Юный Хартанчэг, поклонившись нойону до самой земли, бросился к гэру.
Слава Христородице, хоть не болит голова — кого за себя оставить. Джэгэль-Эхэ — человек опытный и надёжный. Нет, какое это всё-таки счастье — иметь надёжную и опытную во всех делах супругу. К тому же — такую красавицу!
Гамильдэ-Ичен нагнал всадников уже в конце пути. Тянулись кругом невысокие сопки, кое-где поросшие лиственницами, кедрами и берёзами, блестела под солнцем река, а далеко за ней синей стеною вставали Хантайские горы.
Воины подозрительно оглянулись на стук копыт, многие взялись за сабли.

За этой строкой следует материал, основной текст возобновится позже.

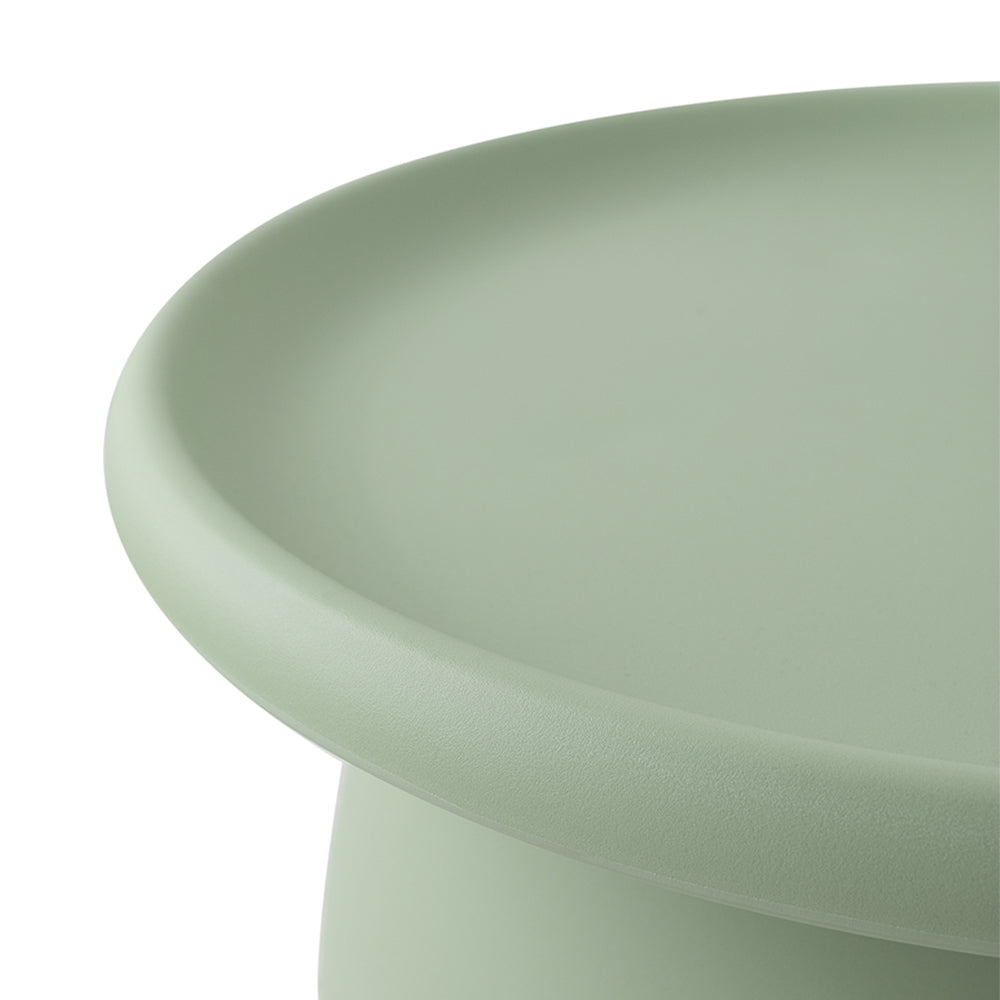 Coffee Table Mushroom 'Top-Hat' Nordic Style 71cm - Green - Homecoze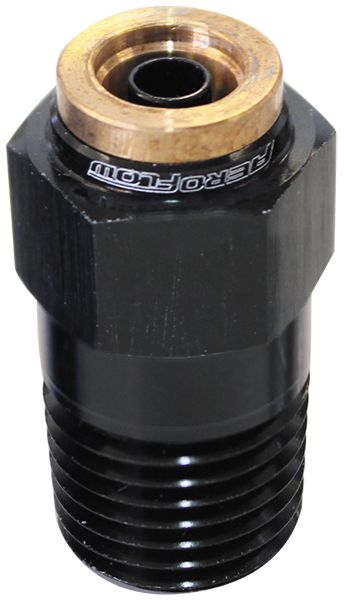 Aeroflow 02Blk 1 8 Npt Straight To 1 4 120 AF121-04-02BLK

— Спокойно, — передавая Эрдэнэту бортохо (флягу) с арькой, ухмыльнулся Баурджин-нойон. — Это мой человек — Гамильдэ. Я о нём говорил.
Гамильдэ-Ичен — тёмно-русый, большеглазый, тощий — экипировался для перехода со всей возможной тщательностью: поверх голубой шёлковой рубахи натянул серебристую, тщательно начищенную песком кольчугу, привесил к поясу саблю, а за спину — саадак с луком и стрелами. У седла нарочито небрежно болтался сверкающий металлический шлем, а налетавший ветер развевал за плечами юноши изумрудно-зелёный чжурчжэньский плащ, заколотый серебряной фибулой с изображением сокола. Это не говоря уже о том, что Гамильдэ, как опытный воин, явился, имея за спиной четырёх заводных лошадей.
— Сонин юу байнау, Баурджин-нойон? — подъехав ближе, приветствовал Гамильдэ-Ичен. — Какие новости?
— Здравствуй, Гамильдэ. — Баурджин улыбнулся. — Рад, что ты со мной. Ты что так вырядился? Думаешь, мы на войну собрались?
— На войну, не на войну, — приосанился юноша. — Какая разница? Выдел бы ты только, нойон, каким глазами смотрели на меня девчонки в кочевьях, мимо которых я проезжал!
— А, вон оно что, — расхохотался Баурджин. — Так ты, значит, заодно и невесту себе решил присмотреть?
— А чего бы и не присмотреть, коль есть к тому такая возможность?
— Верно, что и сказать — жених! Эрдэнэт-гуай, — молодой нойон обернулся к посланнику, — нет ли у тебя на примете какой-нибудь хорошей девушки?
— Как же нет?! — Эрдэнэт всплеснул руками. — Знаешь, уважаемый Баурджин, я вот как раз только что подумал об одной девушке из хорошего рода. Так вот, у неё есть старшая сестра…
— Старшая?
— Очень работящая и умница, каких мало! Работа в её руках спорится, не всякий арат угонится. Все делает, все умеет — и на лицо пригожа. Пусть твой человек засылает сватов — не пожалеет!
— Зашлём, а, Гамильдэ? — подначил приятеля Баурджин. — Осенью, глядишь, и на свадьбе твоей погуляем — уж попьём арьки!
— О, арьку она прекрасно готовит! — Эрдэнэт восхищённо поцокал языком. — Одна бортохо с её арькой десятерых с ног свалит.